A Global Force

on August 25 | in President's Essay | by

Hollins’ new president, Pareena Lawrence, talks about her vision for the university to prepare women to be global citizens who understand their responsibilities and are ready to lead lives of consequence.

By President Pareena Lawrence

Pareena LawrenceSince accepting the privilege and responsibility of serving as Hollins University’s twelfth president, two of the questions I’ve been asked regularly, and ones that I relish the opportunity to address, are: Why Hollins? What drives your passion to lead an institution dedicated to providing undergraduate liberal arts education for women?

Growing up in India, I was a quiet, shy child. Because of my father’s work, my family moved every couple of years, and he recognized how that was negatively affecting me. He knew I needed stability, and he was a strong believer in the power of education. So, beginning in the seventh grade, he made significant sacrifices and arranged for me to attend a highly regarded all-girls boarding and day school.

The next six years were among the most pivotal in my life. The school gave me a space to grow and find myself. It was a safe place. It gave me the opportunity to take risks without the fear of failure. It bolstered my self-confidence and encouraged me to explore many different areas to discover where I excelled. My friends were an incredibly supportive network of women—we built each other up instead of tearing one another down. We challenged each other but more importantly we cheered for each other to reach the finish line. I grew in grit and resilience. Within two years at this school, I was a different person.

At a women’s liberal arts college such as Hollins, this kind of deep transformation is a daily occurrence, but on an even higher intellectual level with many more opportunities. A liberal arts education isn’t simply about intellectual development in the classroom. For four years, you’re immersed 24-hours-a-day, seven-days-a-week, in deep learning together with your peers.
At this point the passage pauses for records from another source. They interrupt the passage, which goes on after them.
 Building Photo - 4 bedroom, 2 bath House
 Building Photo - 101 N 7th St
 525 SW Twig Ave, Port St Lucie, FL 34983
I truly believe much of the learning at a liberal arts institution happens outside the classroom when students are engaged in discussion and debate, working on group projects, or participating in athletics or other cocurricular and extracurricular activities. Critical thinking, communication, and leadership skills are taught in the classroom and then honed and practiced in a variety of ways outside the classroom. Intercultural competency is enhanced through active, ongoing contact with those from diverse socioeconomic, racial, ethnic, and international backgrounds. Professors and staff foster deep mentoring relationships. Students learn and experience what it means to be a responsible global citizen and how to work across differences to find common ground. All this happens much more organically at a residential liberal arts college, and especially at a women’s college. In contrast to the linear progression that occurs at many other institutions, the trajectory of intellectual and personal growth is exponential at places such as Hollins.

I believe more than ever that the women of the United States need women’s institutions of higher learning. The glass ceilings and concrete walls are present in every sector of our economy. But I am even more certain that, because of the deeply entrenched gendered norms and inequities in many parts of the world, the women of the world need women’s institutions such as Hollins. My vision is that Hollins will become an international force for educating women. My goal is that our trademark becomes this deep sense of individual and social responsibility where we enable and empower women to make a difference within their spheres of influence. Through years of research I have witnessed firsthand the impact empowered women can have on a community, village, or a region. I am confident that through education, women can create better lives not only for those around them today, but for future generations.

The multitude of Hollins women who have embraced this philosophy to affect change culturally, economically, and politically have much to contribute to realizing our role as a global institution. I look forward to learning from you and drawing upon your experiences as we prepare the next generation to lead lives of consequence.